Personal information is in my blood, from my time working on Chandler and well before that. When I was at Strata last year, I briefly heard about the Locker project, but I didn’t really get a good sense of what was going on there. Jeremie Miller partially talked about and partially demo’ed the Locker project, and there was also a hackathon during one of the BOF slots. It is very early days still, but if you are interested in getting involved, bootstrapping instructions are here.
Sometimes you find emerging technology in the strangest places. I went to Awakening The Maker Ethic in K-12 Students because it was the only talk in that slot that seemed interesting, because I have kids, and because we’ve pursued an unusual path for their education. In addition to amassing a long reading list on education and technology and education, I learned something interesting about open hardware, Arduino in particular. Arduino has been around for a while, but I’ve really only heard it mentioned in the context of communities that would be the logical extensions of the model rocketeers, the hams, and the heathkit crowd. During this talk I learned that Arduino has crossed over into communities that are focused more on craft and art. Arduino makes it possible for these people to make smart craft items. Some examples of such items are this “reverse geocache” wedding gift box, and a bicycling jacket with turn signal lights embedded in it.
I try not to comment on the hallway track, but there’s one conversation that i had which I think merits an mention. Earlier in the year, some mutual friends introduced me to David Eaves, who has been consulting with Mozilla to develop some metrics to help Mozilla improve the way that it manages its community. In April, David previewed some of his work in a blog post. At the ASF various individuals have done small experiments around community metrics, but as far as I can tell David’s work is defining the state of the art in this area. I would love to see the work that he has been doing duplicated in JIRA and Github. This is the kind of work that should be a talk at OSCON, and it’s a shame that we’ll have to wait until next year to hear that talk. In the meantime, read the post, get on the mailing list, and help bring open source community tools into the 21st century.

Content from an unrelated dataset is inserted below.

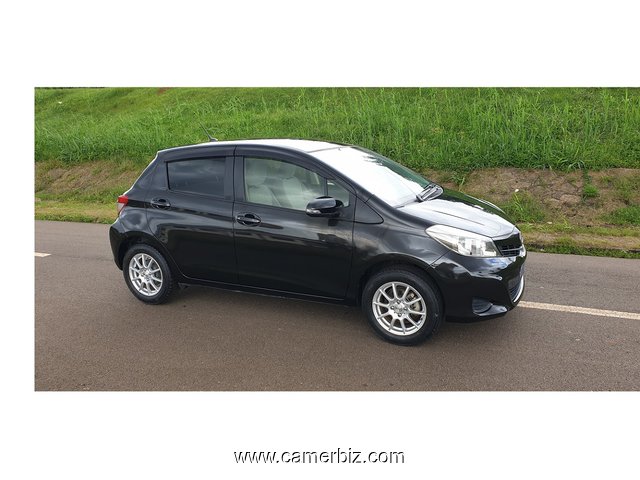 2013 Toyota YARIS 4WD Automatique à vendre - 9727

I’ve been coming to OSCON since 2003 (I did miss one year), and I always look forward to it. This year OSCON was tough for me. I had a very difficult time finding sessions to go to, especially in OSCON proper. Of the four sessions I found blog worthy, two were about open source, and I only ended up in two of them by accident – I almost went to nothing during those sessions. Ordinarily, that wouldn’t be a problem, because there’s always the hallway track. This year a lot of people that I normally expect to see at OSCON were not there. I did have a good hallway track, but not nearly as rich as normal. As an example, some of us went to celebrate Duncan Davidson’s birthday on Thursday night. In the past, there have been enough people to take over the Vault in Portland. This year, we only needed a single table. For me, that’s a serious impact because of the way that I approach the technology field. When I was a graduate student, my advisor lamented about a bygone era of DARPA funding in which you would go to DARPA and say, “I’m going to do X”. Sometimes you came back with X, but sometimes you came back with Y, but as along as Y was interesting there wouldn’t be a problem. During my era, DARPA apparently got much more serious about you doing what you said you would do. In that bygone era, DARPA funded people. In my era, they funded topics. Topics are important to me, but given the choice between topics and people, I will pick the people every time. I always tell people that the value of OSCON is that it’s the one place where you can get any substantial number of the open source communities together under one roof. I hope that keeps happening.